3. Glossaries and automated checks
Before translation begins, terms and expressions are extracted from the master documents. Once the glossary is constructed according to certain rules, it is possible to set up automated checks on consistent adherence to the glossary. At cApStAn we use a combination of term extraction software and human expertise to compile a list of terms and expressions from the Master documents. Glossaries can be created for a particular client or even for a specific project for a client.
4. Style guides
Creating Style guides includes creation of and adherence to sets of typographic conventions, forms of address, notation of numbers, time, mathematical units, currencies, footnotes or endnotes, quotes, indents, etc. At cApStAn we either create a new style guide as per the requirement, or adapt our client’s existing style guide for a given project and a set of target languages.
5. Translation and Adaptation notes
If concepts, alternatives, objectives, possible ambiguities or intended meaning of certain terms or expressions in the master questionnaire are explained clearly and concisely, the impact on quality is immense. That is why question by question translation, and adaptation notes, are an essential component of a robust translation/adaptation design.
Translatability Assessment for multilingual surveys
Translation quality in multilingual surveys is crucial as meaning shifts, which are language-driven, and perception shifts, which are culture-driven, can affect the psychometric properties of items and thus compromise comparability. cApStan’s “Translatability Assessment” process will identify any potential issues upfront and report them in a centralised monitoring tool. Occasionally, alternative text is proposed — but without loss of meaning. A translatability assessment will ensure that it is possible for multiple language versions of a document to meet the highest standards of linguistic, cultural and functional equivalence. Our translatability assessment methodology is being applied in small and large multilingual projects, in both the private and the public sector.

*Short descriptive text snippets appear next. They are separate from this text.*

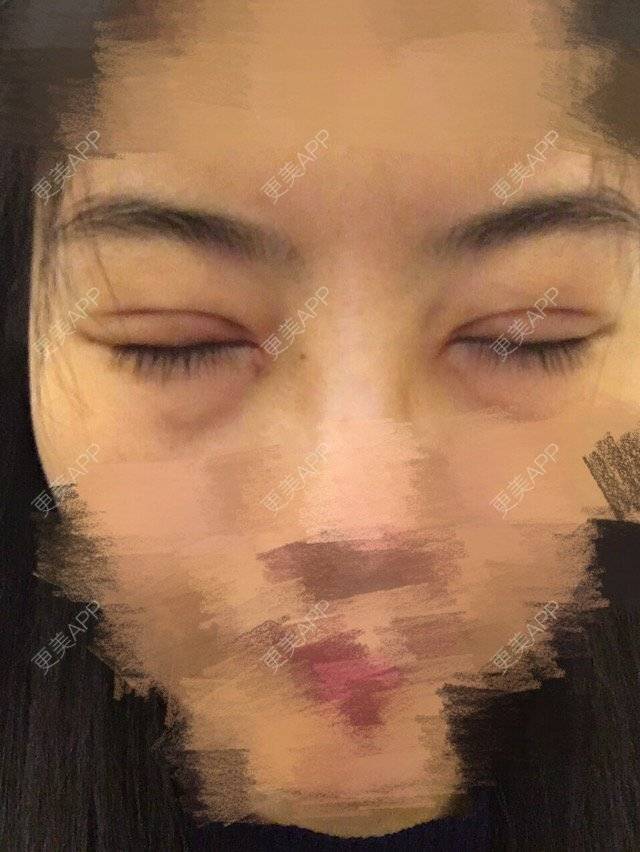 更美 - 更美用户xkRcLM3DQQ的经验 | 开眼角修复 | 珠海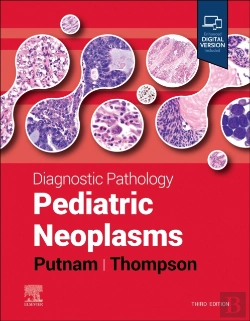 Bertrand.pt - Diagnostic Pathology: Pediatric Neoplasms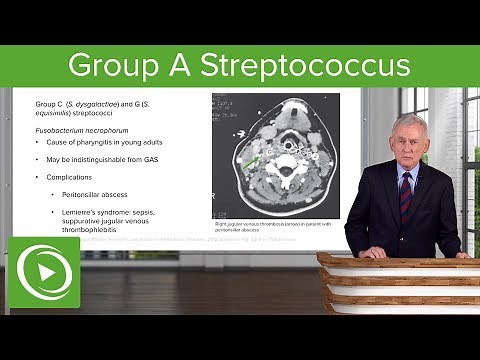 Group A Streptococcus (GAS): Symptoms & Other Clinical Features – Infectious Diseases | Lecturio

Read more about cApStAn’s translatability assessment process in this article
What steps should you take after translation of your multilingual surveys
Once a questionnaire is translated, an independent quality check of the translation is always desirable in order to ensure that the translated questionnaire is fair and comparable in all languages
1) Janet A. Harkness Janet A Harkness was a cross-cultural survey methodologist with expertise in instrument design, adaptation, and implementation. She had a multi-disciplinary academic background and training -comparative medieval studies (MA); linguistics, cultural anthropology (PhD); and extensive experience in survey methods and cross-national survey research, having being affiliated over 15 years with the International Social Survey Programme, a member of the European Social Survey central coordinating team from its inception till 2008, and a consultant or PI on other large cross- national projects, both basic research and survey projects. She has held the Donald and Shirley Clifton Chair in Survey Science at the University of Nebraska-Lincoln in 2005 and became Director of the Survey Research and Methodology Program at the UNL Gallup Research Center in 2006. She has published, presented, and taught on numerous aspects of cross-cultural survey research and cross-cultural communication.